WASHINGTON (Reuters) - The Supreme Court said on Monday it will take the rare step of considering a tax case, one with hundreds of millions of dollars at stake and broad implications for companies with businesses abroad and for the Internal Revenue Service.
The court agreed to hear an appeal by PPL Corp, a Pennsylvania-based utility and energy holding company, in a case addressing when a company can claim U.S. tax credits to offset taxes it has already paid to a foreign government.
The case is being watched by a range of U.S. utility companies, including American Electric Power Co Inc and Entergy Corp, but the foreign tax credit question extends well beyond the power business.
A Supreme Court win for the IRS would give the agency more authority to challenge foreign tax credit claims where the law may be vague, said Jerold Cohen, a partner at law firm Sutherland Asbill & Brennan LLP and a former IRS chief counsel.
“The issue is relevant to any international company,” Cohen said. “The (Supreme) Court takes very few tax cases.”
PPL is appealing a December 2011 decision by the 3rd U.S. Circuit Court of Appeals in Philadelphia. In a related dispute, the 5th U.S. Circuit Court of Appeals in New Orleans ruled in June 2012 in favor of Entergy.
Both cases involve tax credits claimed by utility companies after they paid a “windfall tax” imposed by the United Kingdom.
U.S. utility companies acquired stakes in 32 UK power companies when they were privatized in the 1980s and 1990s.
In response to a public backlash in the UK that the privatized companies had been sold too cheaply, the British government imposed one-time windfall taxes on those companies. U.S. companies that had to pay the windfall tax claimed foreign income tax credits from the IRS.
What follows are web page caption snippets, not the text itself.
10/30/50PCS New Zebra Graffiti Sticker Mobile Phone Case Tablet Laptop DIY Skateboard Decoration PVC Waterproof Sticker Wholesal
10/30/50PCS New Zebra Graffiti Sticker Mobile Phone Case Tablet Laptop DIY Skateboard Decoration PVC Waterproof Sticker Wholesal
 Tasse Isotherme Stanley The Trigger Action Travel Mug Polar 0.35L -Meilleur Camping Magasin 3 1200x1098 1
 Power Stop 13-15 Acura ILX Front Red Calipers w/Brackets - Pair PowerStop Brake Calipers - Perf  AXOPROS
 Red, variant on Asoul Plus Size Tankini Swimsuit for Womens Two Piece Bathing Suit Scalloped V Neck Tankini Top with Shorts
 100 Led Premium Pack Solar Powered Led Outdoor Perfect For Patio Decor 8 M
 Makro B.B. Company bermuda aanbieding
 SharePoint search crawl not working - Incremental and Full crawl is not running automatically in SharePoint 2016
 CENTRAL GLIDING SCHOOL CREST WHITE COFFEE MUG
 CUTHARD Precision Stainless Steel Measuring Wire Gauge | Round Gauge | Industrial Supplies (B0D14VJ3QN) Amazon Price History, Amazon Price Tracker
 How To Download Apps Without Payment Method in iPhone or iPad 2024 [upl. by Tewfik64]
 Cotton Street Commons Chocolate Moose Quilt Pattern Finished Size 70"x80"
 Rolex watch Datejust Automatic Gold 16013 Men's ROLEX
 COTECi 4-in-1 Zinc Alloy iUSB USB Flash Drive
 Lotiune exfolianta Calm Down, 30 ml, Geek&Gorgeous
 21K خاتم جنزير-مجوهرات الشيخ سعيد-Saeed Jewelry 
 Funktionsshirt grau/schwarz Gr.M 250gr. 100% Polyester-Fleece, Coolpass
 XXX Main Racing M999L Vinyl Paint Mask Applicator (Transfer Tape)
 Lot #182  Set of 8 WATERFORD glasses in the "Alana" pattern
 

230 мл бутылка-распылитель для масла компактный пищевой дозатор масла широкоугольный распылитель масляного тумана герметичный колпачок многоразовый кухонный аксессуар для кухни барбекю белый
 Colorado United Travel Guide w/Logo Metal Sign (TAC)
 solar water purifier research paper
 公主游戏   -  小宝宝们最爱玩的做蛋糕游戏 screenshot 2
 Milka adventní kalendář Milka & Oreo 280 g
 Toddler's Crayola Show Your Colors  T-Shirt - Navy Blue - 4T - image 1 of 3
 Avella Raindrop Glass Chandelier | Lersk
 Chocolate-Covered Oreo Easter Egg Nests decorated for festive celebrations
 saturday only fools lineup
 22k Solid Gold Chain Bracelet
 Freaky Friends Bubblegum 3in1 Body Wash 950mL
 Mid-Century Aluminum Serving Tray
But the IRS rejected their claims, saying the windfall taxes were based not on the British companies’ profits, which could be credited, but on their unrealized value, which could not.
PPL had recorded a $39 million expense in the fourth quarter of 2011 because of the 3rd Circuit ruling and Entergy could owe $239 million in taxes and interest, the companies said in regulatory filings.
Several groups, including the Cato Institute and Goldwater Institute, filed briefs supporting the companies.
A Supreme Court decision is expected by the end of June.
The case is PPL Corp et al v. Commissioner of Internal Revenue, U.S. Supreme Court, No. 12-43.